Ukrainian resister: ’Automatic weapons are deciding all’
In this article, Sergei Kirichuk evaluates the current situation in Ukraine as new President Peter Poroshenko continues a bloody “anti-terrorist operation” against the people of the Donbass mining and industrial region. Kirichuk is national coordinator of Union Borotba (Struggle), a revolutionary socialist organization in Ukraine that helped organize the anti-fascist movement in the southeast against the U.S.-backed Kiev junta. He is currently in exile in Germany,
Kirichuk also discusses the junta’s roots in the “Maidan,” an anti-government protest movement in Kiev taken over by neo-Nazi and other far-right elements. The new “Berkut,” or political police, is the fascist Right Sector itself.
The article originally appeared on the Ukrainian leftist website Liva.com.ua, and was translated by Workers World contributing editor Greg Butterfield.

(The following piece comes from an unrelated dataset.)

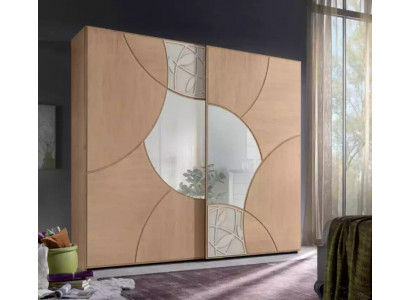 Armoire avec portes coulissantes Chambre Armoire en Bois Marron Miroir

Everything is decided by Kalashnikovs [automatic rifles]. The dictates of the politicians who took power rest precisely on the force of arms. Maidan initially positioned itself as a movement for democracy and received new impetus from protests against police violence after demonstrators were dispersed by the Kiev “Berkut.” However, the form it spawned is completely opposite the expectations of the democratically inclined part of its participants.

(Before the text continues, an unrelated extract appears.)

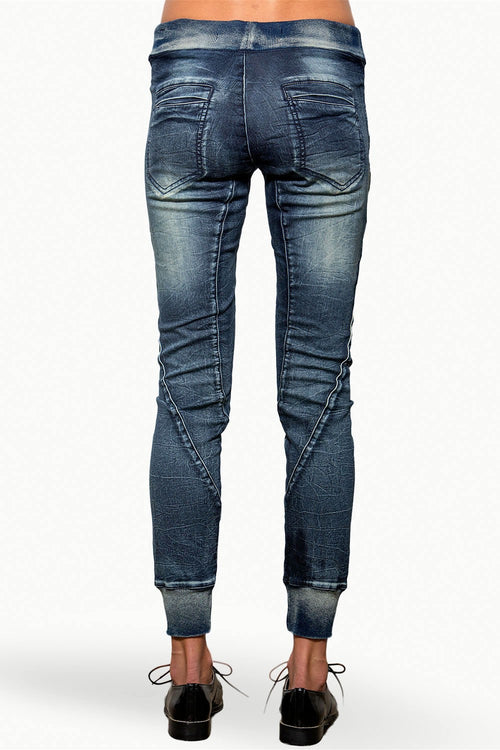 Women Indigo Denim Knit Skinny Jogger Pants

Of course, Maidan never put forward a clear anti-oligarchic program — but the removal of the richest people in the country from governance and the democratization of public life were implied by their slogans. But now the oligarchs — appointed governors of the eastern regions — give bloodthirsty speeches and wear blue and yellow ribbons to the applause of professional patriots. The media are rigidly edited and censored, and there is no longer any question of real freedom of speech.

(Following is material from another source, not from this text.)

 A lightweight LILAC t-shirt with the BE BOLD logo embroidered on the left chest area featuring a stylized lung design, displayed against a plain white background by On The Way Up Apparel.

Ukrainians are killing each other in the Donbass. Thousands of Ukrainian citizens have moved to Russia’s Rostov region or to other Ukrainian regions, fleeing the so-called “anti-terrorist operation.” Meanwhile, the Nazis from the Right Sector made the bravura statement of creating a private army for the president. The Right Sector’s representative said on a live radio show: “We have held talks with the president and now he has his own army.” On what legal basis these “negotiations” were held is anyone’s guess. “From tomorrow we will start to help the president in the process of dissolution of Parliament — it will be dissolved,” adds the representative of the Right Sector.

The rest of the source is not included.